EXTRACTED INFORMATION START

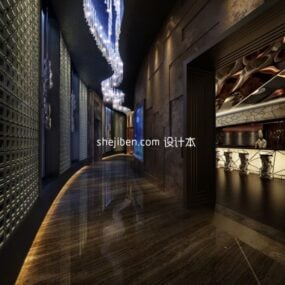 Modello 3d della scena interna del corridoio del ristorante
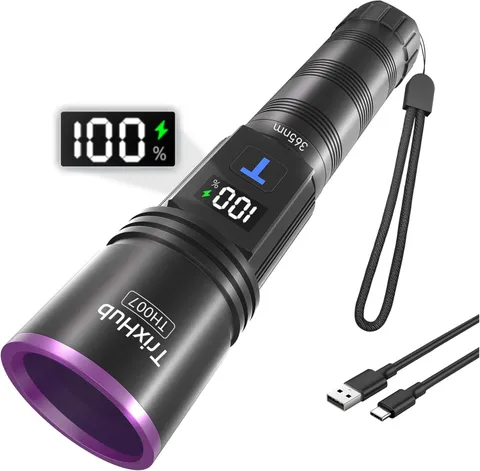 TrixHub 365nm UV Black Light Flashlight Rechargeable with LCD Battery Display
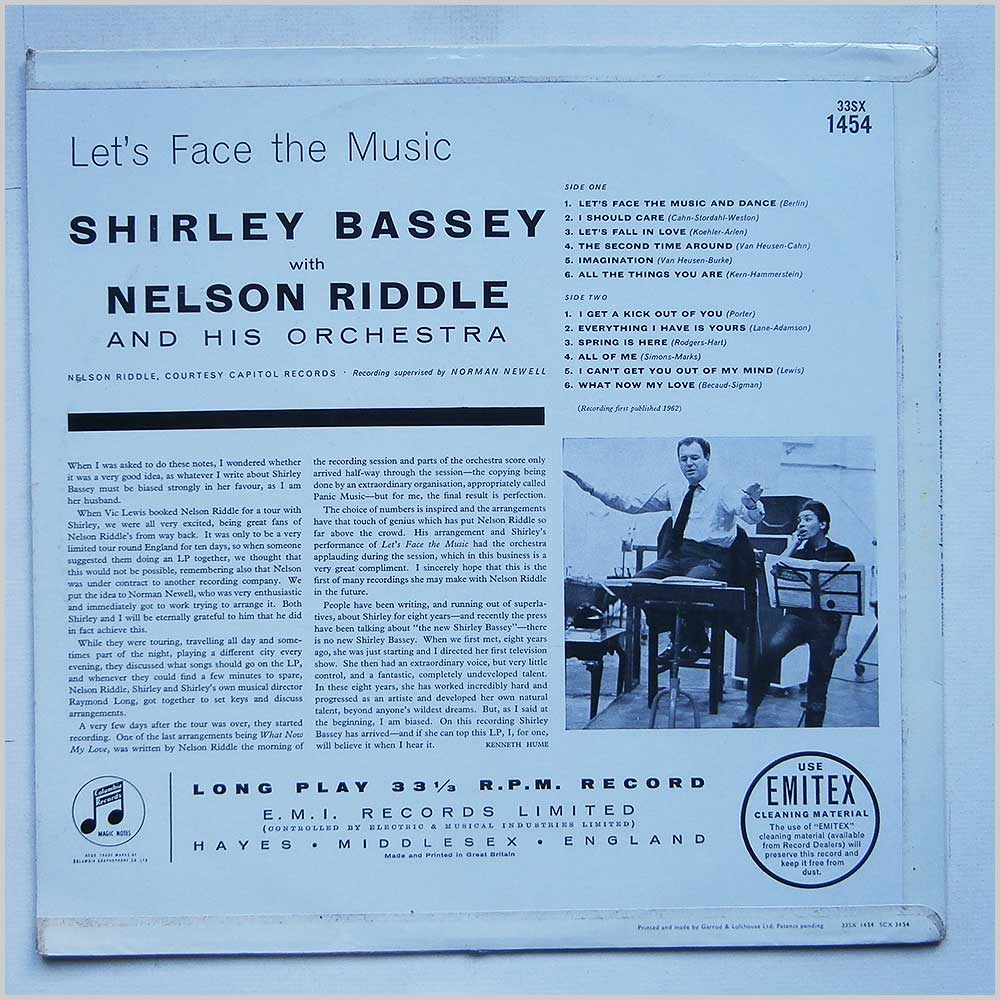 Shirley Bassey - Let's Face The Music  (33SX 1454) 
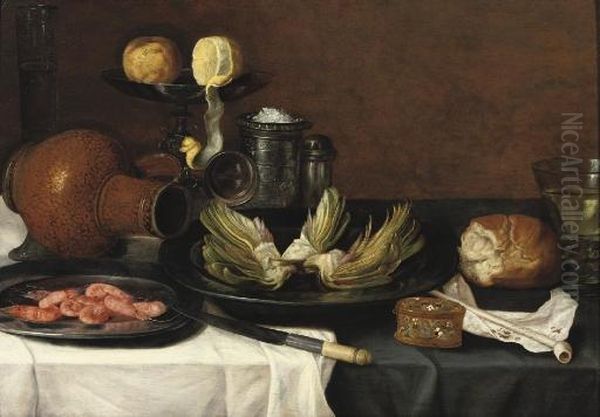 Artichokes And Shrimps On Pewter
Plates, An Earthenware Jug, A Knife, A Peeled Lemon And An Orange On A
Tazza, A Salt-cellar And Other Objects On A Draped Table - view 1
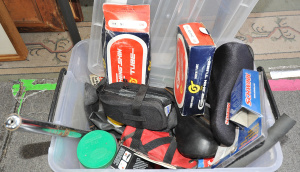Lot 026 - Box lot of bike accessories, hardware and tools inc unopened Schwinn S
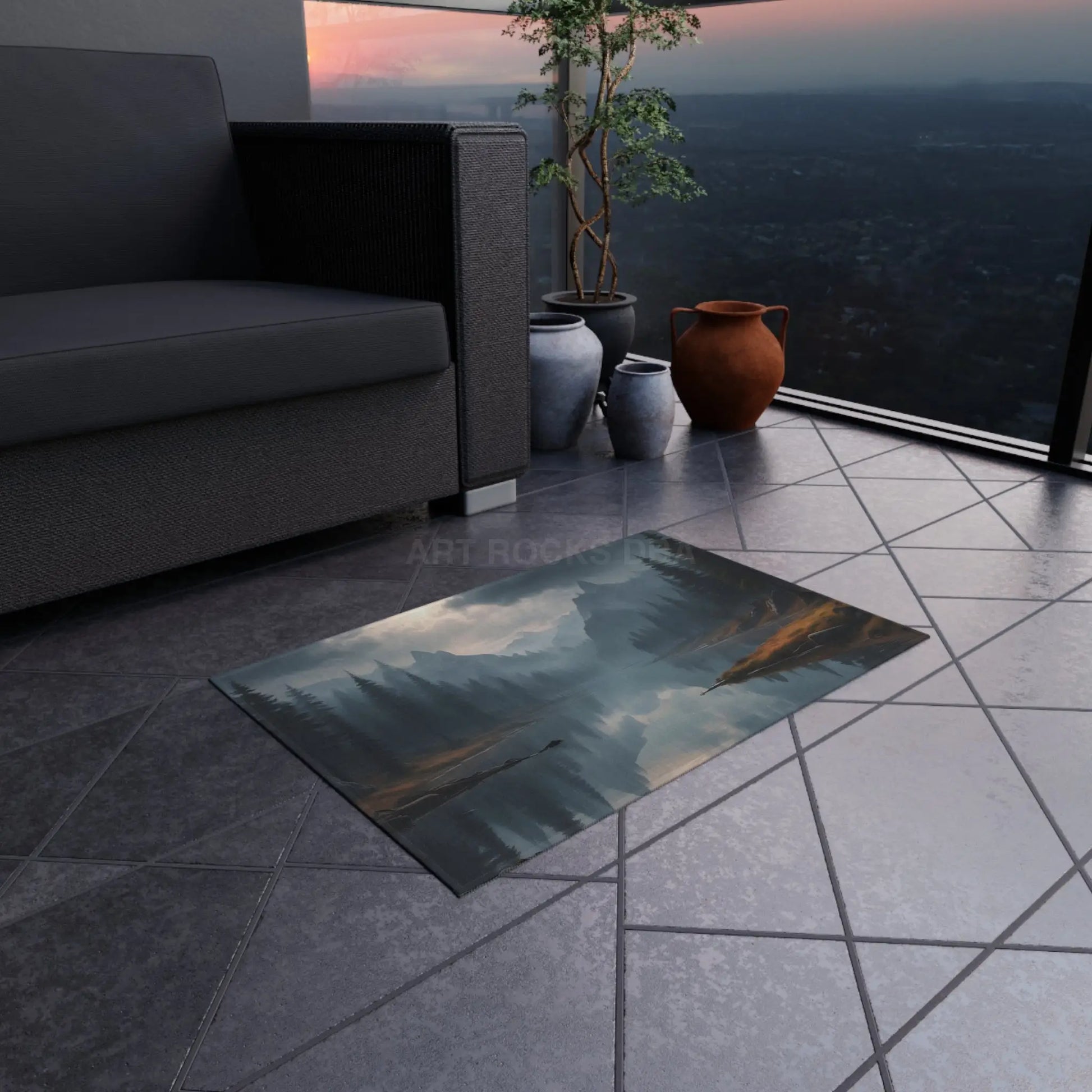 Mountain Lake Outdoor Rug - Home Decor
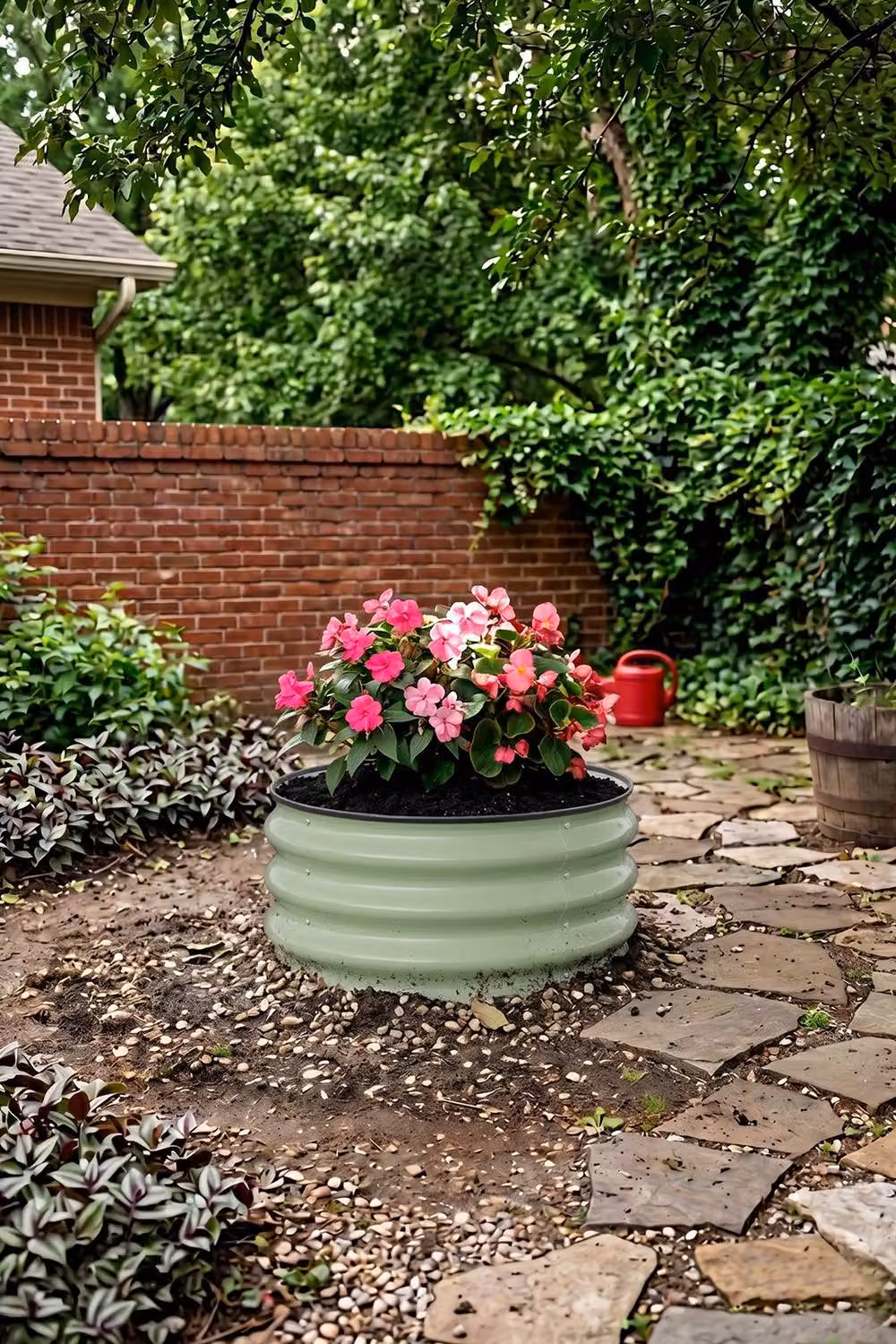 Living and Home Round Metal Raised Garden Bed in Green, W/D/H: 60 x 60 x 30 cm – 2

EXTRACTED INFORMATION END

DESCRIPTION OF THE TASK: Starting at the line that contains "Plates, An Earthenware", please write out each line through the last line of the data, both ends included, and keep pictures out of the copy.

TASK RESPONSE:
Plates, An Earthenware Jug, A Knife, A Peeled Lemon And An Orange On A
Tazza, A Salt-cellar And Other Objects On A Draped Table - view 1
Lot 026 - Box lot of bike accessories, hardware and tools inc unopened Schwinn S
 Mountain Lake Outdoor Rug - Home Decor
 Living and Home Round Metal Raised Garden Bed in Green, W/D/H: 60 x 60 x 30 cm – 2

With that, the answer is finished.